Will lived closest, in only a few minutes he would be in his mother’s kitchen.

On the brow of a bank of earth something prompted him to turn around. He looked back to where the bird had fallen. In the few minutes since the boys had left the place, rooks had come. They circled above the oak, fifteen or twenty of them. More were arriving from all directions. They stretched across the sky, loose skeins of dark marks, converging on this place. One by one they descended to alight in the branches of the tree. Ordinarily such a congregation would be accompanied by the noise of stony chatter as the birds flung sound at each other like gravel. This gathering was different: it took place in intent and purposeful silence.

Every bird on every branch was looking in his direction.

Will leapt off the bank and raced home, faster than he had ever run before. When he had the door handle in his grasp he dared to look behind him.
The sky was empty. He stared at the branches of the tree, but at this distance and with the late sun in his eyes it was hard to know whether he was seeing rooks or foliage. Perhaps he had imagined that many-eyed stare.

For a moment he thought one of his friends had returned to the oak. A boy, standing where he had stood in the shadow of the oak. But the figure was too short to be Charles, too slim to be Fred, and had not Luke’s red hair. Besides, unless it was an effect of light and shade, the boy was clad in black.

With the next blink, the boy was gone, on his way home through the woods, probably.

Will turned the doorknob and went inside.

“What’s got into you?” his mother wanted to know.

·  ·  ·

William was quiet that evening and his mother thought him pale. Her questions elicited little in the way of answers and she understood that her boy was old enough to have secrets now.

“Just think. In a week’s time you’ll be away at school with Charles.”

He leaned surreptitiously into her side when she stood by him to pour his soup and when she put an arm around him he lingered instead of reminding her that he was ten now. Was her fearless boy nervous of leaving her for Oxford? That night, although it was not cold, she warmed his bed and left his candle burning. When she came to kiss him an hour later she stood and watched his sleeping face. How pale he looked. Was he really her son? Children changed so quickly.

Only ten and I am losing him, she thought. And then, with a pang, Unless perhaps I have lost him already.

The next day William woke with a fever. For half a week he stayed in bed being tended to by his mother. During this time, while his blood grew warmer and warmer and he sweated and cried out in pain, William applied his ten-year-old genius and power to the greatest feat he had ever attempted: forgetting.

He very largely succeeded.

&

A
rook is a familiar enough creature until you actually look at him.

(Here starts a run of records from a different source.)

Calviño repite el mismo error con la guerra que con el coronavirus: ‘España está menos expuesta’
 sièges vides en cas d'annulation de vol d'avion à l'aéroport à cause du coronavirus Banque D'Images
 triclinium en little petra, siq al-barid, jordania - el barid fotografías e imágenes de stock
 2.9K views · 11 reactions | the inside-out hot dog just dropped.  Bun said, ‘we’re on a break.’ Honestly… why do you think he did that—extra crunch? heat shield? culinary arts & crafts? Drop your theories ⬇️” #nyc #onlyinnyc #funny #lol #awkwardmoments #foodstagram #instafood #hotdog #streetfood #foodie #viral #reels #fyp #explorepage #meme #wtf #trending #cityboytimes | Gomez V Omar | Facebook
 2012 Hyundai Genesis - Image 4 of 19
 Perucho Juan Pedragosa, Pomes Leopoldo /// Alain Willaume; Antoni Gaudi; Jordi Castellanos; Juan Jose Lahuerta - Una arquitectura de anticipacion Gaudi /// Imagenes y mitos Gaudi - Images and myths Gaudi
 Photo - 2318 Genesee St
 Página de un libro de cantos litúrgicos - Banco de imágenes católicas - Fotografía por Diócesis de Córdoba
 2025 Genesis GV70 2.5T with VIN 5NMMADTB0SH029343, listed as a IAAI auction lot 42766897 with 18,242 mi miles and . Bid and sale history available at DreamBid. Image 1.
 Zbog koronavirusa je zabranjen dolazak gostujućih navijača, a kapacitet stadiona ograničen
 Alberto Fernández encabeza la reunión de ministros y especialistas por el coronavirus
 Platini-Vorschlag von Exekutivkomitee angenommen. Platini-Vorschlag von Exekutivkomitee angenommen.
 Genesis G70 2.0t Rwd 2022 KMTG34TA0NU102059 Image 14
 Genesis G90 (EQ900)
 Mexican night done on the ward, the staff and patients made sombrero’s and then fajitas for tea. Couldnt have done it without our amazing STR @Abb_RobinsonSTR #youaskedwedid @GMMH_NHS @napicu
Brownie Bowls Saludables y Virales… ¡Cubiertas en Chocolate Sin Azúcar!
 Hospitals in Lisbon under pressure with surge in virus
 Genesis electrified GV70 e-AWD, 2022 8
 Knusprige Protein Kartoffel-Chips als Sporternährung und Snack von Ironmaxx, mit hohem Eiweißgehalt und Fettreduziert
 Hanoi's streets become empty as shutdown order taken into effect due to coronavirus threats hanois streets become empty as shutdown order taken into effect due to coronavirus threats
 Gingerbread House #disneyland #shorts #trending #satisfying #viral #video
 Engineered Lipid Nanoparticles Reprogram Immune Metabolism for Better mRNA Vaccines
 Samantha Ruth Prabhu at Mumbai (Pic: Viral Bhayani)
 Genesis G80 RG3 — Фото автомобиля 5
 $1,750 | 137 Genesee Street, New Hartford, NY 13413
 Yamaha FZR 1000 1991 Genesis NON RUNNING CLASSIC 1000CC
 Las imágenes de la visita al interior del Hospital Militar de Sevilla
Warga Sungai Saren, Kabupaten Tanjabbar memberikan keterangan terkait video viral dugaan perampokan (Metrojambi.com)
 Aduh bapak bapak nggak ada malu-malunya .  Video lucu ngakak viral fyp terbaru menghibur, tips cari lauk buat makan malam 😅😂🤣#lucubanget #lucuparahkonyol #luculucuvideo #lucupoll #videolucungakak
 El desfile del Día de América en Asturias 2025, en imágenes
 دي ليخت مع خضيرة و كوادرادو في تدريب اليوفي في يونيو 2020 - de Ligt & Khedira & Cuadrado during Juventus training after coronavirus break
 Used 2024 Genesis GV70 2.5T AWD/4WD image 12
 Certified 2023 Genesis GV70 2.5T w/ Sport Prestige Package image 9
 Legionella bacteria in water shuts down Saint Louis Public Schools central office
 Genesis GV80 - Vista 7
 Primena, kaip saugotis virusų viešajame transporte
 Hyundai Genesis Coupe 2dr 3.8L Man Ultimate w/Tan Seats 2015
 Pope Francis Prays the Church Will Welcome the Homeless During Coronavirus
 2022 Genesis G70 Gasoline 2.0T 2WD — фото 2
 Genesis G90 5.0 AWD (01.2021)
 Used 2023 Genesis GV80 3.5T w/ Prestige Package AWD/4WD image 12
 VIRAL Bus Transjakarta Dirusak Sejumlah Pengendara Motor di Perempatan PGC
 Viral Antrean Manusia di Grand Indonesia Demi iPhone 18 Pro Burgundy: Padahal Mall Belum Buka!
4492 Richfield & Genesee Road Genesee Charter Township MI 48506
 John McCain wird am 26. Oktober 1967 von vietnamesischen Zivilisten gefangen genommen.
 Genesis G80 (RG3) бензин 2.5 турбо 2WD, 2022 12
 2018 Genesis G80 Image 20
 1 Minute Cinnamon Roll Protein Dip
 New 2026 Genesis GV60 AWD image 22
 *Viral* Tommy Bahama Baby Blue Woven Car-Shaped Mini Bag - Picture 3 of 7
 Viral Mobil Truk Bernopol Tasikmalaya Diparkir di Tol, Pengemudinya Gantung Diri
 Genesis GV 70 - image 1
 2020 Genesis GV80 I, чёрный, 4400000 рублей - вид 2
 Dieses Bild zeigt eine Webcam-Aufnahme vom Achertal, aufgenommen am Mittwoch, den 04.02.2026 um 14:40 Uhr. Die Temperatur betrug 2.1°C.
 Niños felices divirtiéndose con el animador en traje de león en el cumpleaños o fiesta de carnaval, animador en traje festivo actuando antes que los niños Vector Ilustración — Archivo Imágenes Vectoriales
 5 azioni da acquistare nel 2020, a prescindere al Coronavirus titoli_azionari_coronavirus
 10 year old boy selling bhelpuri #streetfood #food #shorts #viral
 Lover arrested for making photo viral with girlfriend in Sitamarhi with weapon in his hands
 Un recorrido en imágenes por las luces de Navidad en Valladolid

His plumage is among the most extravagantly beautiful things nature can produce. As the boys saw that day, a rook’s feathers can shimmer with dazzling peacock colors yet factually speaking there is no blue or purple or green pigment in a rook. Satin black on his back and head, on his front and toward his legs, his blackness softens and deepens to velvet black. He is not just black, he is blacker than that. His is a luxurious superabundance of blackness never seen in any other creature. He is the essence of blackness.

So whence the glorious color?

Well, the rook is something of a magician. His black feathers are capable of producing an entrancing optical effect.

“Aha!” you say. “So it is only an illusion.”

Far from it. The rook is no theatrical conjuror with his top hat full of tricks, deluding your eye into perceiving what is not. He is quite the opposite: a magician of the real. Ask your eyes,
What color is light?
They cannot tell you. But a rook can. He captures the light, splits it, absorbs some, and radiates the rest in a delightful demonstration of optics, showing you the truth about light that your own poor eyes cannot see.

Nor is this spellbinding display of flamboyance the only trick he has concealed in his feathers. Though it is exceedingly rare, a handful of witnesses have seen this spectacle: on a bright summer’s day, turning into the sun, a rook alters from black to angelic white. Mirror-bright he dazzles and glories in his whiteness.

Given his beauty and the dramatic and magical alterations he can bring about in his appearance, you might wonder why the rook is to be found in common fields, grubbing for larvae. Why are these supreme creatures not owned by princesses, housed in gilded aviaries, fed dainty morsels from silver trays by liveried servants? Why do they spend their time with cows when they are surely the more natural companions to unicorns, griffins, and dragons?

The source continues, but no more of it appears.